EXERCISE BRIEF: In the entries that follow, the lines from the line containing "Lt Governor, Sh" up to and including the line containing "Sean Astin LOTR" must be copied exactly, with pictures omitted.

RAW DATA:
--- START ---
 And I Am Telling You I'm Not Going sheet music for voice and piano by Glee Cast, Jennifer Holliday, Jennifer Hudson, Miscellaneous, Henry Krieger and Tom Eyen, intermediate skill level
--- END ---
--- START ---
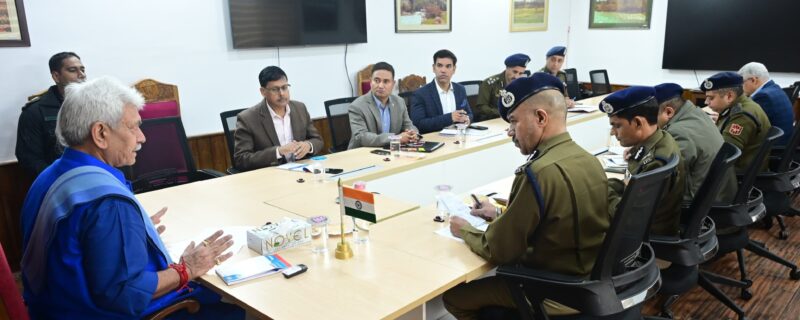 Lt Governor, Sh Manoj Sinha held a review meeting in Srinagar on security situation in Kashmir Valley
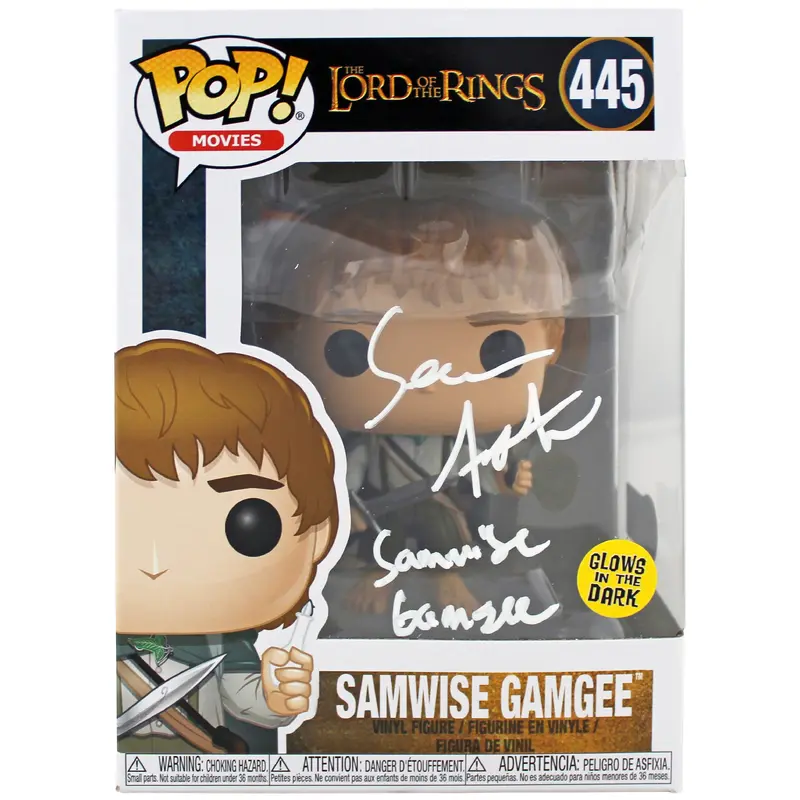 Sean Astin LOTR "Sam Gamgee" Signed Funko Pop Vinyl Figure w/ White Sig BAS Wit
--- END ---
RESULT:
 Lt Governor, Sh Manoj Sinha held a review meeting in Srinagar on security situation in Kashmir Valley
 Sean Astin LOTR "Sam Gamgee" Signed Funko Pop Vinyl Figure w/ White Sig BAS Wit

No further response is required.